→ TASK INSTRUCTIONS:
Copy exactly the lines of the material below that fall between the line with "We're going to" and the line with "Hello everybody! How's", both of those lines included; pictures stay out.

→ RECORDS SHOWN:
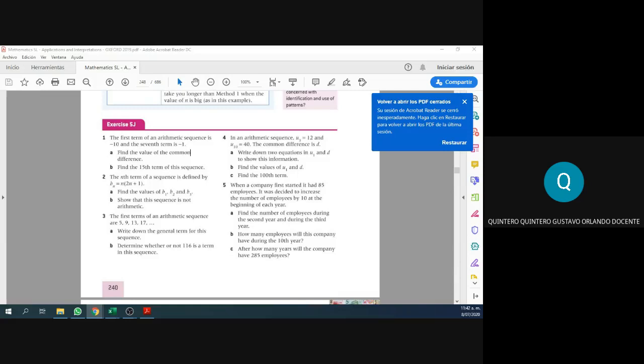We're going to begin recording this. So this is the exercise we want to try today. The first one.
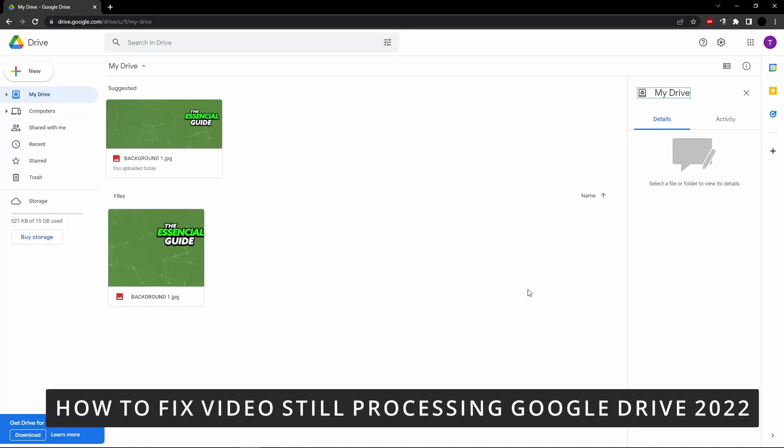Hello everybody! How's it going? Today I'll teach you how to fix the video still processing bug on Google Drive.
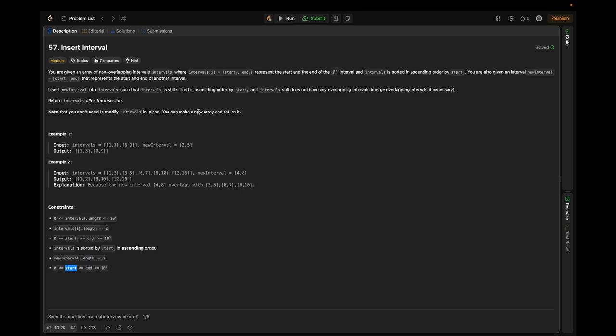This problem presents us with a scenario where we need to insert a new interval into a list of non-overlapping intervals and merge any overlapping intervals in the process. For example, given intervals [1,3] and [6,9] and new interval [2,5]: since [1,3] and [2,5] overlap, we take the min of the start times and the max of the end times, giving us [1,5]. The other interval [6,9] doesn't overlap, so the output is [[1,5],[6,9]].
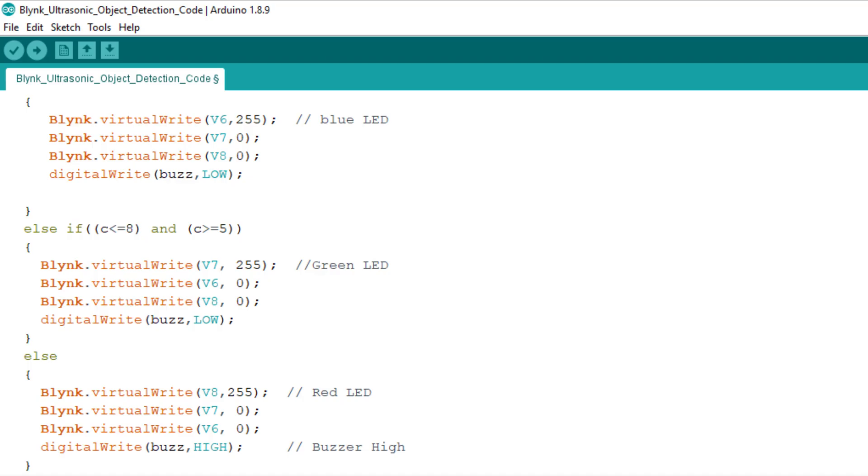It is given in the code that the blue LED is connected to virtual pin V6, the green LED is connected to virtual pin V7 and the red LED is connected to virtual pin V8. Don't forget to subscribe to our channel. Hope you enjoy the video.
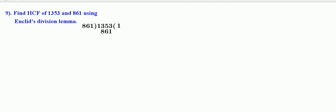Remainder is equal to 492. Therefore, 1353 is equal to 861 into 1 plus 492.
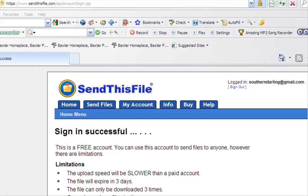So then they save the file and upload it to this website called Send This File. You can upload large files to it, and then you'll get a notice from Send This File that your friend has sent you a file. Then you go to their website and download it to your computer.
* * *
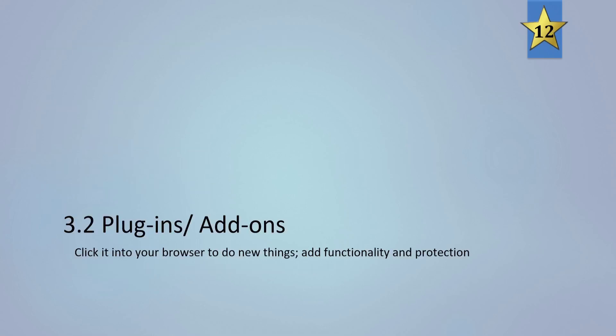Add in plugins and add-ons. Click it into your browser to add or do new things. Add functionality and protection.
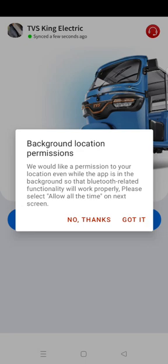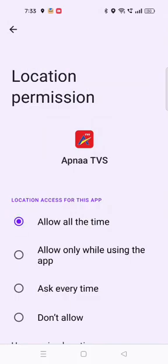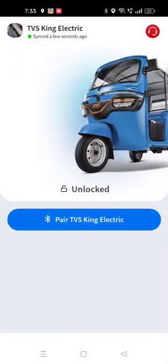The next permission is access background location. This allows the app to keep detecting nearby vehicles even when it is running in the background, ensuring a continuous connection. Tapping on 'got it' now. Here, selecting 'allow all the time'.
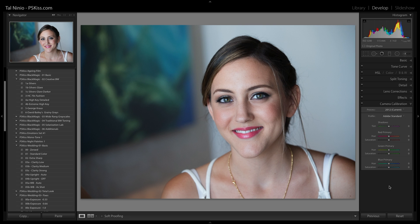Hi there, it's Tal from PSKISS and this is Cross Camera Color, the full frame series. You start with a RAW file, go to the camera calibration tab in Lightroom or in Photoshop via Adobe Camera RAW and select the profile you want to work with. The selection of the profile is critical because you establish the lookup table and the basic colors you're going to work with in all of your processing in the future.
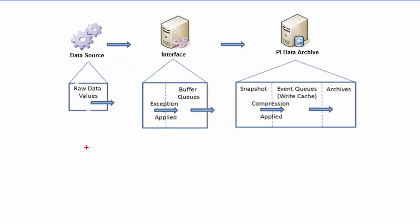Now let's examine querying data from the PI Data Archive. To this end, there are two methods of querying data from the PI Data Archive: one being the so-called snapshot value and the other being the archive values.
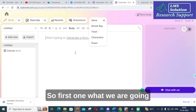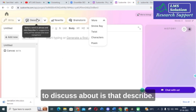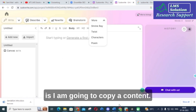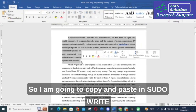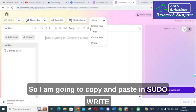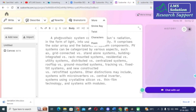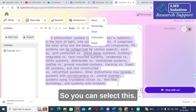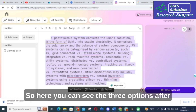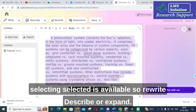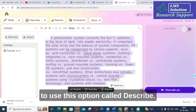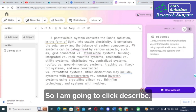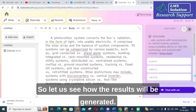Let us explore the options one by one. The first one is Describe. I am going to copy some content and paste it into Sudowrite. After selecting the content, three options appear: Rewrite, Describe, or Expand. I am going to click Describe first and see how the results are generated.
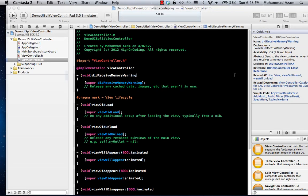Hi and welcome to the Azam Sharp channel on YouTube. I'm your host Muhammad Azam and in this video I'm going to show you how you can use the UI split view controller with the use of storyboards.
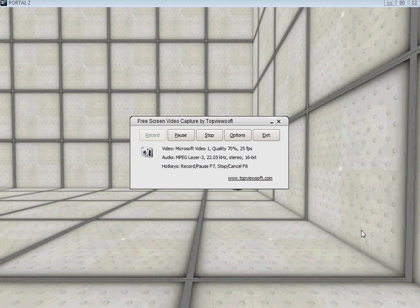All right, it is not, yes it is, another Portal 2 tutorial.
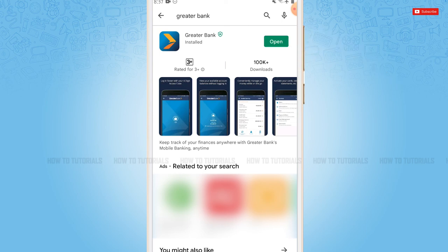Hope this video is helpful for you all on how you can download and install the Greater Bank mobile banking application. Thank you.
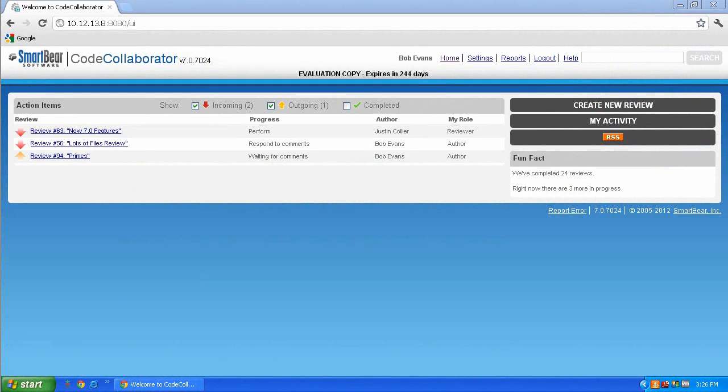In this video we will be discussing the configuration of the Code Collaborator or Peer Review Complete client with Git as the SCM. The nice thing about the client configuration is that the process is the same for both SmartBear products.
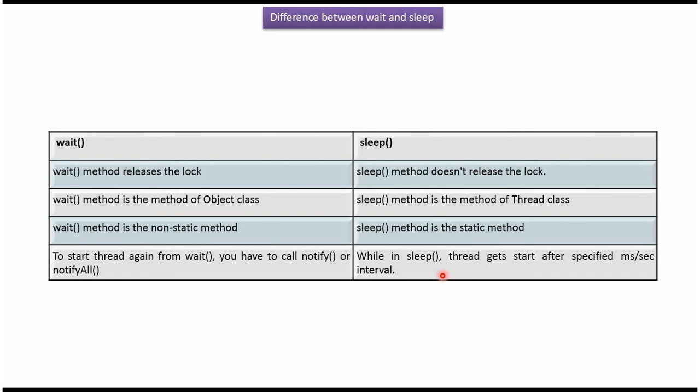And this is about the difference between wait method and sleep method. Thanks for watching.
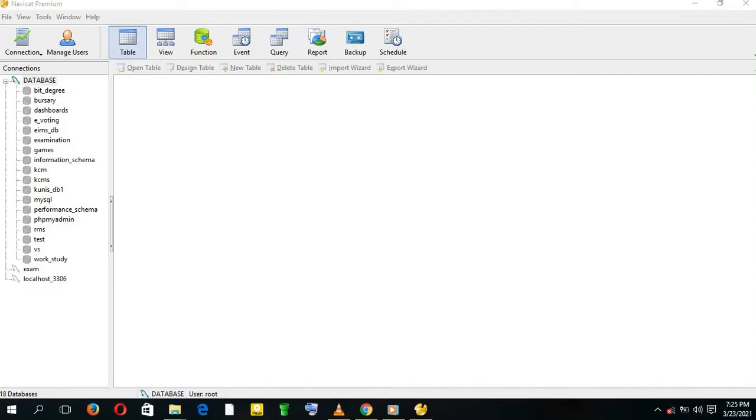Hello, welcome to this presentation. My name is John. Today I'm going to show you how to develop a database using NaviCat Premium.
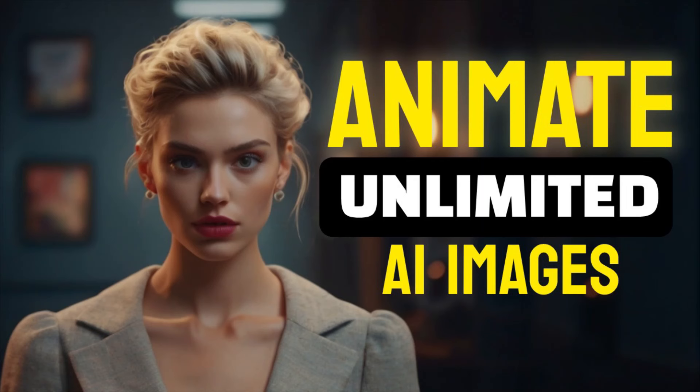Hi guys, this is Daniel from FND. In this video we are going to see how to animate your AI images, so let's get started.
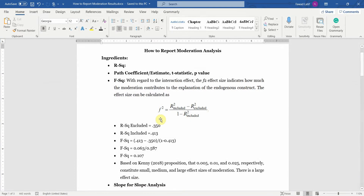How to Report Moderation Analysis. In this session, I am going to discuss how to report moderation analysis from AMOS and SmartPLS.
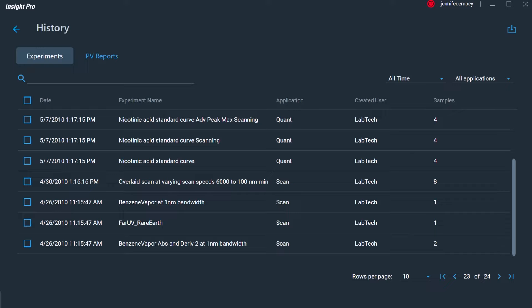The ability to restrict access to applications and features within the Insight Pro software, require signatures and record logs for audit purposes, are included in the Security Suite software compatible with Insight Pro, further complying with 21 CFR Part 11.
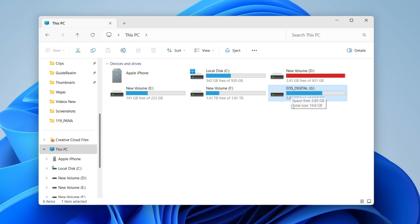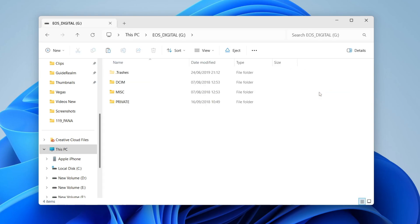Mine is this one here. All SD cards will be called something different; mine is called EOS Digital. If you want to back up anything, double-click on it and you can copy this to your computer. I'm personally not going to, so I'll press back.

→ EXPECTED ANSWER:
We're going to begin recording this. So this is the exercise we want to try today. The first one.
Hello everybody! How's it going? Today I'll teach you how to fix the video still processing bug on Google Drive.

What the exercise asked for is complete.